Zakariya Jaber, journaliste indépendant, a été frappé par des partisans du président de l’Assemblée nationale, et a eu un doigt cassé.

« C’est devenu la routine de frapper les photojournalistes lors des manifestations… Ils veulent nous empêcher de témoigner de leur brutalité », a-t-il déclaré.

Hussein Baydoun, photojournaliste pour Al Araby Al Jadeed, a indiqué que les assaillants avaient crié  : « Comment osez-vous insulter Nabih Berri ?! » Hussein s’est enfui en courant, pourchassé par deux hommes qui lui jetaient des bouts de bois dessus. Il a aussi vu des proches de victimes de l’explosion se faire rouer de coups. Il a déclaré qu’une douzaine de membres des Forces de sécurité intérieure (FSI) présents sur les lieux observaient la scène, sans intervenir : « Ils n’ont rien fait pour nous protéger ou protéger les familles. »

Ce n’est pas la première fois que les familles des victimes de l’explosion du port de Beyrouth reçoivent des coups. Le 13 juillet, les forces de sécurité ont utilisé une force excessive pour disperser des dizaines de manifestants rassemblés devant la résidence du ministre de l’Intérieur, qui avait rejeté la demande du juge d’instruction qui souhaitait interroger l’un des plus puissants généraux libanais au sujet de l’explosion.

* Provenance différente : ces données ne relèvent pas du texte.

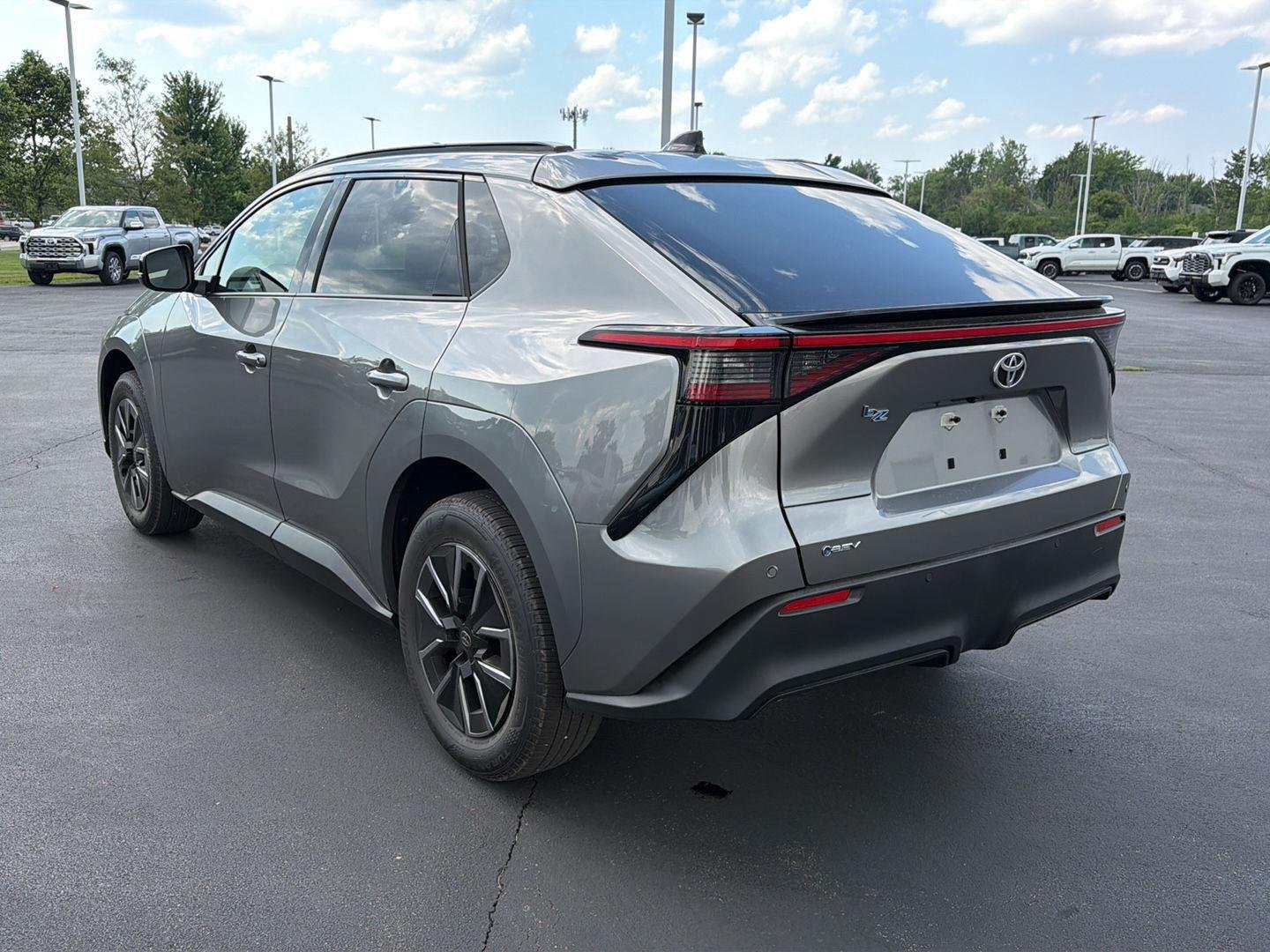 2026 Toyota bZ XLE - Photo 10
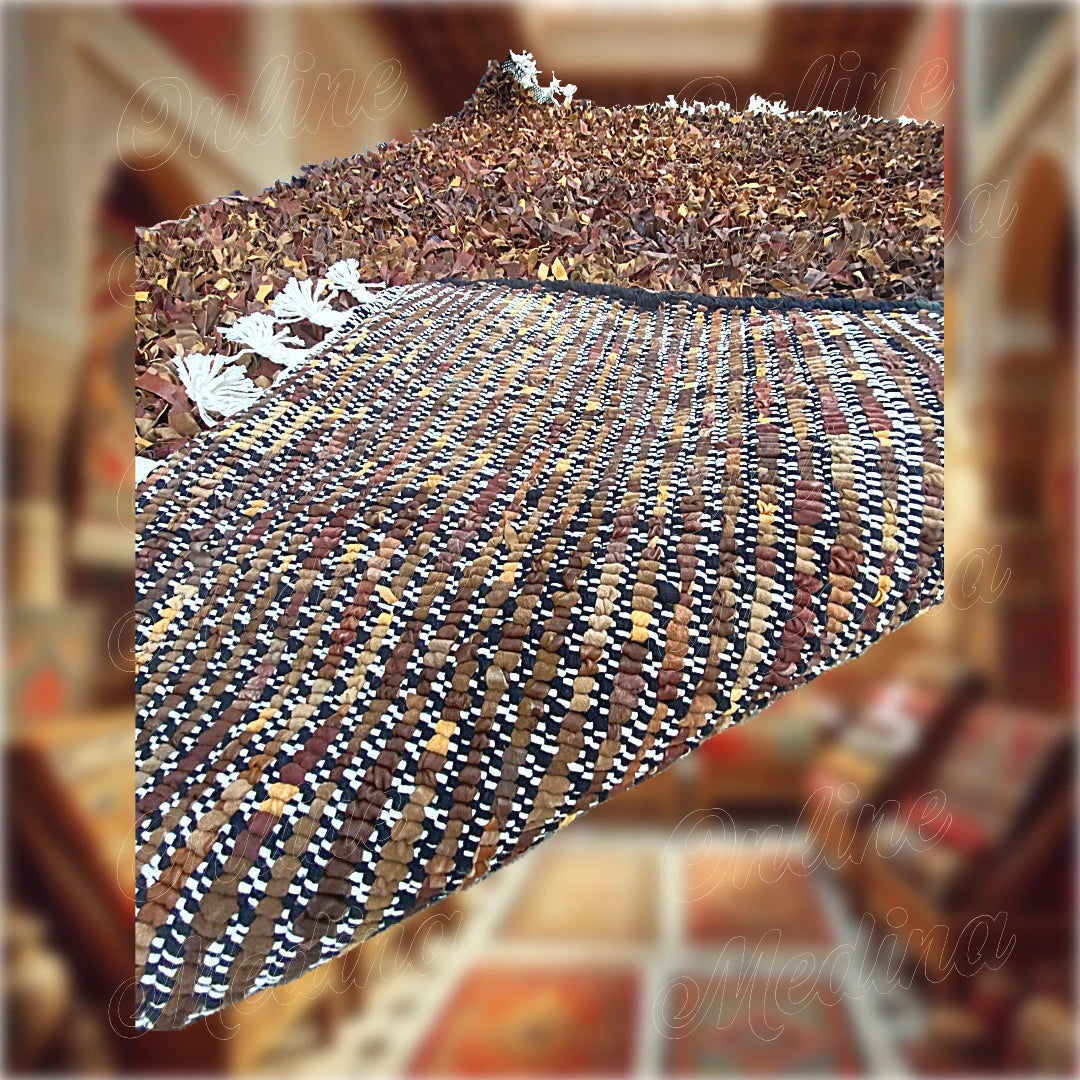Dos d’un tapis Boucharouite marocain en cuir et tissu recyclé, tissé à la main – Artisanat traditionnel disponible sur Online Medina.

Le 2 juillet 2021, le juge d’instruction Tarek Bitar a demandé la permission d’interroger, au sujet de l’explosion, des parlementaires et des responsables hauts placés des services de sécurité, notamment l’ancien ministre des Finances Ali Hasan Khalil, l’ancien ministre des Travaux publics Ghazi Zeaiter et l’ancien ministre de l’Intérieur Nouhad Machnouk, le directeur général de la Sûreté générale, le général Abbas Ibrahim, et le directeur général de la Sécurité de l’État, le général Tony Saliba. Le ministre de l’Intérieur ayant précédemment rejeté une requête concernant la permission d’interroger le général Abbas Ibrahim, le Conseil supérieur de la Défense a rejeté le 11 août la demande du juge concernant le général Tony Saliba.

Un groupe de députés des blocs du mouvement Amal, qui a pour chef le président du Parlement, du Hezbollah et du Mouvement du futur ont signé une pétition demandant l’ouverture d’une procédure parallèle.

« Tandis que les autorités continuent d’entraver l’enquête au niveau national, il est d’autant plus urgent que les membres du Conseil des droits de l’homme de l’ONU, lors de leur prochaine session en septembre, mettent en place un mécanisme d’établissement des faits sur l’explosion du port de Beyrouth », a déclaré Lynn Maalouf.

Complément d’information

Le 4 août 2020, l’une des plus fortes explosions non nucléaires que le monde ait connues a anéanti le port de Beyrouth et endommagé plus de la moitié de la ville. L’explosion a tué au moins 217 personnes et en a blessé 7 000, et 150 de ces personnes souffrent à présent d’un handicap physique. Cette explosion a également endommagé 77 000 appartements, ce qui a entraîné le déplacement forcé de plus de 300 000 habitant·e·s. Au moins trois enfants âgés de deux à 15 ans ont perdu la vie.